▶ _Activity_: Every line from the one bearing "4 件耶稣我看见贴纸 - 防水防刮" through the last line of the records below is to be output exactly, and no other line; leave out the pictures.

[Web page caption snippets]

===============

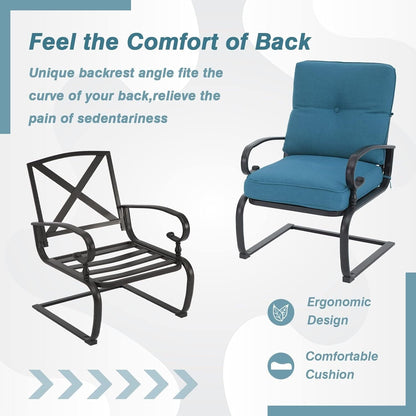 Ensemble de bistrot d'extérieur 3 pièces Nista avec coussins et table basse, à ressorts en C, par Havenside Home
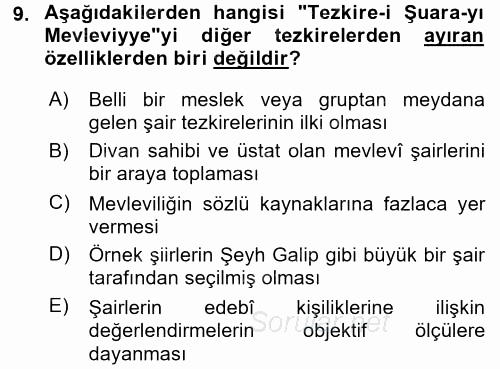 Eski Türk Edebiyatının Kaynaklarından Şair Tezkireleri 2015 - 2016 Dönem Sonu Sınavı 9.Soru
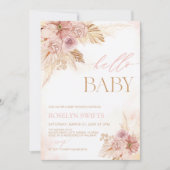Hallo Baby shower Blush Pink Pampas Floral (Voorkant)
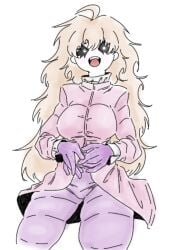 1_eye big_breasts close_breast closed_eye closed_eyes crossti crossti(artist) funny_valentine hand_on_legs jojo's_bizarre_adventure jojo_pose jojo_reference juju_(oc) long_hair oc original original_character steel_ball_run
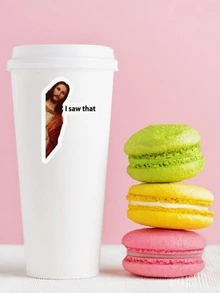 4 件耶稣我看见贴纸 - 防水防刮 - 有趣的表情包贴纸，适用于汽车、笔记本电脑和水瓶，派对礼物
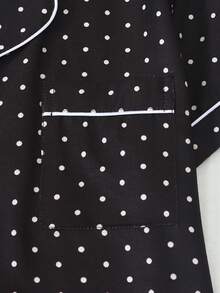 2pcs Set Comfortable Mini Polka Dot Print Short Sleeve Top And Bow Long Pants Women's Pajama Set Loungewear - Black - View 5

===============

▶ _Task output_:
 4 件耶稣我看见贴纸 - 防水防刮 - 有趣的表情包贴纸，适用于汽车、笔记本电脑和水瓶，派对礼物
 2pcs Set Comfortable Mini Polka Dot Print Short Sleeve Top And Bow Long Pants Women's Pajama Set Loungewear - Black - View 5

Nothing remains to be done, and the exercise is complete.